+++ Recorded data +++

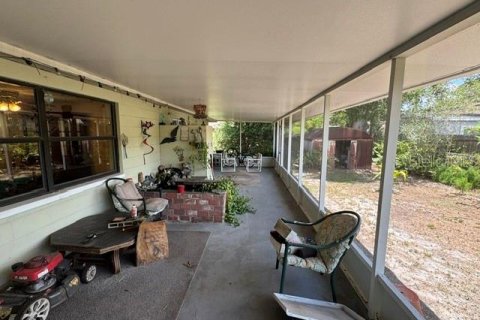 House in Sarasota, Florida 3 bedrooms, 153.66 sq.m. № 2113239 - photo 3
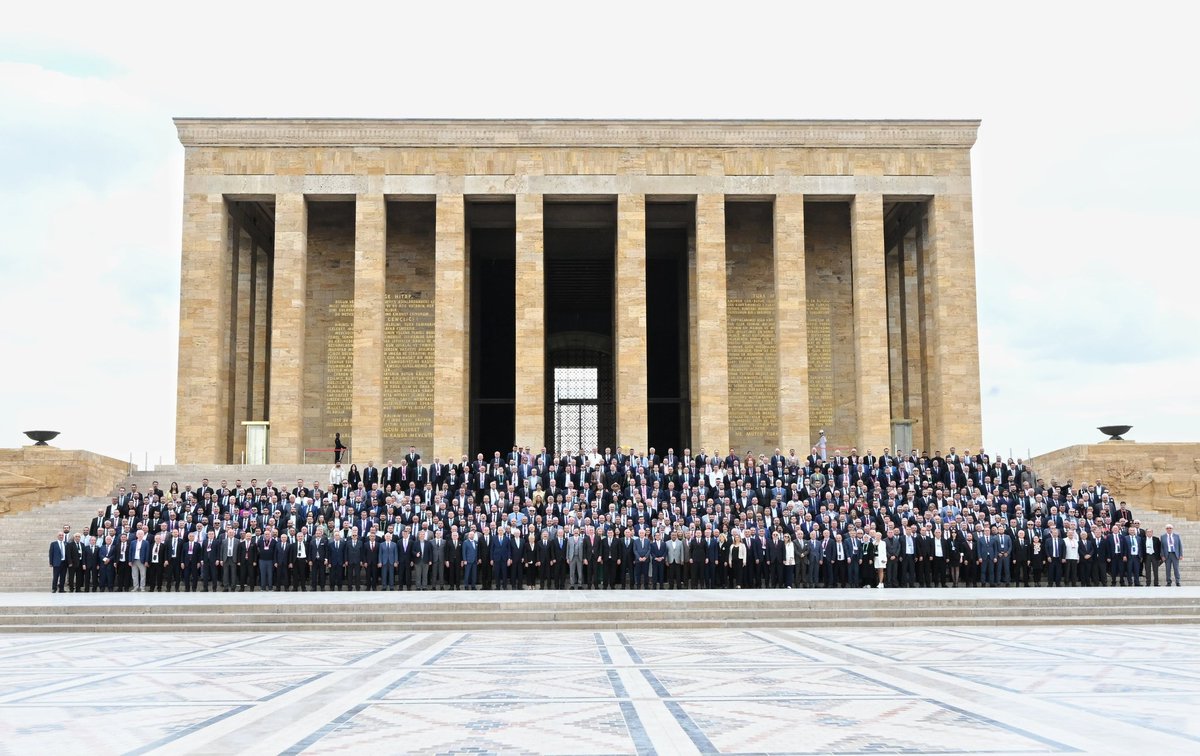 Odamız Yönetim Kurulu ve Delegeleri, Türkiye Odalar ve Borsalar Birliği (TOBB) Başkanı M. Rifat Hisarcıklıoğlu’nun Başkanlığında, TOBB Genel Kurul Divanı, TOBB Yönetim Kurulu Üyeleri, Konseyler, Oda, Borsa Başkanları ve Delegeler ile birlikte, TOBB 81. Genel Kurulu kapsamında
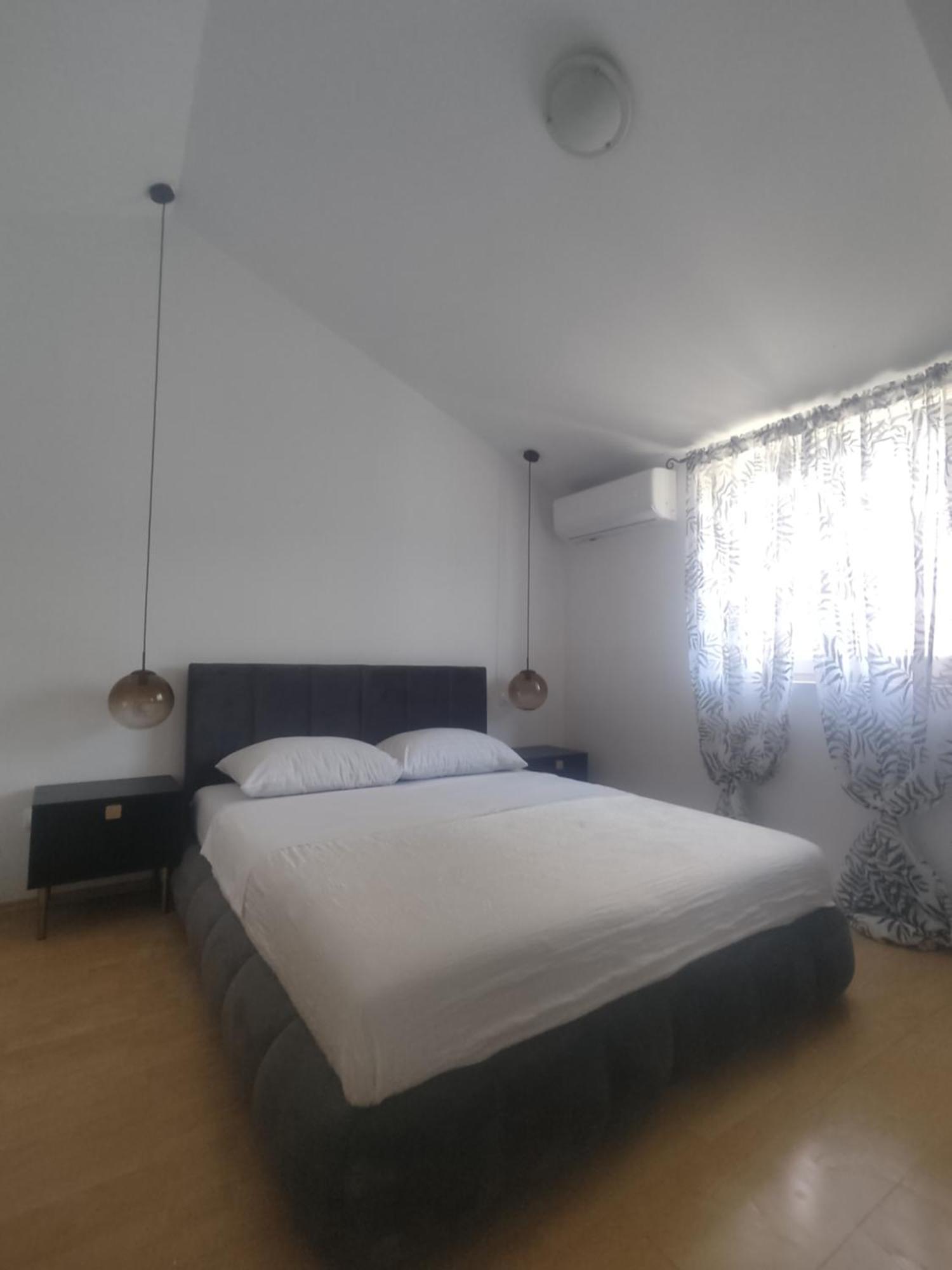 Apartments Villa Dalmatina Vodice Eksteriør billede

+++

**What to work on:** Only the pictures in the listing above get left out; print everything else exactly.

**Solution for this problem:**
 House in Sarasota, Florida 3 bedrooms, 153.66 sq.m. № 2113239 - photo 3
 Odamız Yönetim Kurulu ve Delegeleri, Türkiye Odalar ve Borsalar Birliği (TOBB) Başkanı M. Rifat Hisarcıklıoğlu’nun Başkanlığında, TOBB Genel Kurul Divanı, TOBB Yönetim Kurulu Üyeleri, Konseyler, Oda, Borsa Başkanları ve Delegeler ile birlikte, TOBB 81. Genel Kurulu kapsamında
 Apartments Villa Dalmatina Vodice Eksteriør billede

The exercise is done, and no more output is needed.